- **Your assignment**
Reproduce the data exactly, leaving nothing out.
-------- Collected data --------
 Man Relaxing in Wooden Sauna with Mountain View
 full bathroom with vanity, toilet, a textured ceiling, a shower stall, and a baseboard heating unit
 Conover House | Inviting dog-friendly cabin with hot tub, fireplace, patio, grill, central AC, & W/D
--------
- **Response to the exercise**
 Man Relaxing in Wooden Sauna with Mountain View
 full bathroom with vanity, toilet, a textured ceiling, a shower stall, and a baseboard heating unit
 Conover House | Inviting dog-friendly cabin with hot tub, fireplace, patio, grill, central AC, & W/D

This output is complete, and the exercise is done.